Apollo Global Management is nearing a $3.5 billion lending agreement to finance Valor Compute Infrastructure's acquisition of NVIDIA GB200 GPUs and data center infrastructure, which will be leased to Elon Musk's xAI, according to people familiar with the matter. The deal, expected to close imminently, corrects earlier reports of a $3.4 billion figure and aligns with xAI's rapid expansion following its $20 billion Series E funding round, which closed just one day prior with investors including NVIDIA, Fidelity, Qatar Investment Authority, and MGX.
Efforts to structure the financing have progressed smoothly, with Apollo deploying its expertise in asset-backed lending to create a triple-net lease arrangement that offers strong protection for investors. "This is a hallmark investment in the AI infrastructure space, combining growth potential with robust downside safeguards," said Christopher Lahoud, a senior partner at Apollo involved in the transaction, highlighting the firm's strategy to gain exposure to high-growth sectors like AI through structured credit.
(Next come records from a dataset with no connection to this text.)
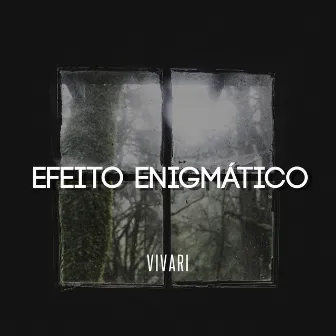 Efeito Enigmático by Vivari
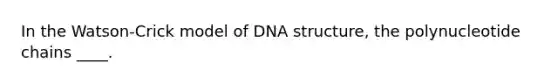 ​In the Watson-Crick model of DNA structure, the polynucleotide chains ____.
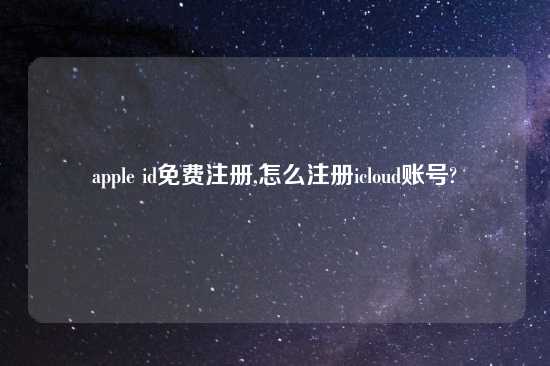 apple id免费注册,怎么注册icloud账号?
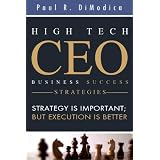 High Tech CEO Business Success Strategies
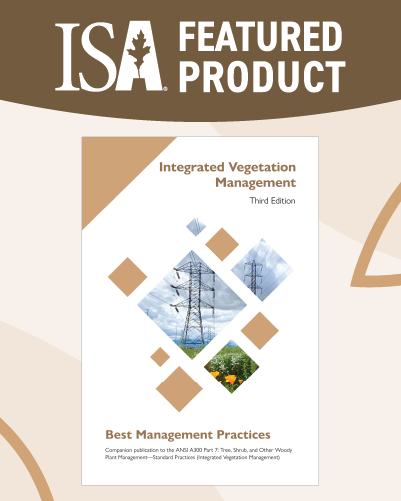 Check out the latest edition of the BMP-Integrated Vegetation Management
Apollo has deployed over $40 billion into next-generation infrastructure since 2022, including compute and renewables, and this deal adds to that portfolio while supporting xAI's capital-intensive model training for advanced systems like Grok 4.
Without this financing, xAI might have faced delays in scaling its second data center, crucial for keeping pace with competitors in the AI race. The deal involves Valor Equity Partners, which manages about $55 billion in assets and created the Valor Compute Infrastructure vehicle with NVIDIA as an anchor limited partner to lease the hardware. NVIDIA's GB200 GPUs are central to the compute cluster, reflecting the chipmaker's dual role as both a supplier and investor in the AI ecosystem. Apollo, which manages approximately $908 billion in assets as of September 2025, traded $6.7 billion in private credit last year and continues to pursue share buybacks under a $3 billion program alongside such financings, balancing growth initiatives with shareholder returns.
In the short term, Apollo may buy more portions of the loan at par to enable secondary trading, a move that could expand the private credit market for similar AI infrastructure deals. Long-term, this financing scales xAI's operations and sets a precedent for more structured financings as demand for AI compute surges, with Apollo estimating trillions will be needed for global data centers over the next decade amid what it calls a "Global Industrial Renaissance." The transaction also complements Apollo's other asset-backed activities, such as its aviation lease ABS (MAPS 2026-1) with 27 aircraft, showcasing a diversified approach to infrastructure investing.
Attempts to reach xAI and Valor for additional comments were not immediately successful, but sources indicate that negotiations have focused on ensuring timely deployment of the GPUs to support xAI's aggressive growth timeline. As AI workloads explode, driving unprecedented data center energy needs, deals like this highlight how private credit is stepping in to fill financing gaps, with Apollo acting as both lender and potential market maker in a rapidly evolving sector.